Heavy gunfire rang out near Col Gadafy's fortified compound in Tripoli for about 20 minutes before dawn and residents said they saw snipers on rooftops and heard distant chanting or shouting.
"There were pools of blood on the streets. You will not find anything now. It's been hosed down and cleaned by the fire trucks," said one Tripoli resident.
Reporters in the city, on edge in past days with popular anxiety compounded by fuel shortages and increasingly long queues outside bakeries and gas stations, are confined to hotels and unable to verify reports from the streets.
While Western action has failed to bring any end to fighting or a quick collapse of Col Gadafy's administration, signs have emerged of secret contacts between Tripoli and Western capitals.

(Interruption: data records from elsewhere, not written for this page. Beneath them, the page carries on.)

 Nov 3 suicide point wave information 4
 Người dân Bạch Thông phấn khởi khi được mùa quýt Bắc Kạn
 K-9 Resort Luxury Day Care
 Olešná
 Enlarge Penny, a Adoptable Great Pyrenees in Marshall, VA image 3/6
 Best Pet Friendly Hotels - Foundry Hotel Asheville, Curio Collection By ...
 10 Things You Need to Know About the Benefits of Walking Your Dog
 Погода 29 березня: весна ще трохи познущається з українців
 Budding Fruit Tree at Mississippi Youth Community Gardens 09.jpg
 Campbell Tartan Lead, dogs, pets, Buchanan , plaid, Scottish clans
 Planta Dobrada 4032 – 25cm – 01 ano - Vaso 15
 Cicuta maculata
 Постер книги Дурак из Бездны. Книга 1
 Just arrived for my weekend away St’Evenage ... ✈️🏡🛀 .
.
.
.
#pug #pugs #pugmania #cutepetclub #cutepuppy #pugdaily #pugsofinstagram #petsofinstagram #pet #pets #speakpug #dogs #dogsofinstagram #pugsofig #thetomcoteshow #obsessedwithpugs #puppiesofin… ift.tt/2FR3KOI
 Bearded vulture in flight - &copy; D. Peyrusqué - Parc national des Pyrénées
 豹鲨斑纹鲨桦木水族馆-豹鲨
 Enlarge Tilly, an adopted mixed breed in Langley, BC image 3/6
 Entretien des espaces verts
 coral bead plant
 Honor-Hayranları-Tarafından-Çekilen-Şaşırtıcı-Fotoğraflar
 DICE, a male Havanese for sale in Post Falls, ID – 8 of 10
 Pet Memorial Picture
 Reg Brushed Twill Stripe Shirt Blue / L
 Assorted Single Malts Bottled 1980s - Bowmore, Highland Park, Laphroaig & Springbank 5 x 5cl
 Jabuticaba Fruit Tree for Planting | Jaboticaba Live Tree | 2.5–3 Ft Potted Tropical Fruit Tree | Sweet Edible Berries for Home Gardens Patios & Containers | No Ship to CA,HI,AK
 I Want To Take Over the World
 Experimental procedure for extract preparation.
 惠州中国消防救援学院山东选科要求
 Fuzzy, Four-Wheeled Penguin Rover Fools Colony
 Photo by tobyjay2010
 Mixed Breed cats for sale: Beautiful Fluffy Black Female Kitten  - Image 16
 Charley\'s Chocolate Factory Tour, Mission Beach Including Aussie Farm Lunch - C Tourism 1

Foreign minister Moussa Koussa defected in London this week. A Col Gadafy appointee also declined to take up his post as UN ambassador, condemning the "spilling of blood" in Libya. Other reports of defections are unconfirmed.
A British government source said Mohammed Ismail, an aide to Col Gadafy's son Saif al-Islam, had been visiting family members in London, but that Britain had "taken the opportunity to send some very strong messages about the Gadafy regime".
Rebel National Council head Mustafa Abdel Jalil discussed prospects for a ceasefire at a news conference after meeting UN special envoy Abdelilah al-Khatibset in Benghazi:
"We have no objection to a ceasefire but on condition that Libyans in western cities have full freedom in expressing their views... Our main demand is the departure of Muammar Gadafy and his sons from Libya. This is a demand we will not go back on."
Rebels were moving quickly to draw income from oil reserves Tripoli says it alone has the right to exploit.
Ali Tarhouni, a top rebel finance official, told a news conference Qatar would provide fuel, medicine, food and other humanitarian needs to rebels as part of a deal eventually to market oil from eastern Libya that remains under a UN embargo.
He also said rebels had set up a "quasi-ministry of oil" and oil staff were now working under that body or for the east-based Arabian Gulf Oil Company, which has said it has cut ties with its parent, state-owned National Oil Corp.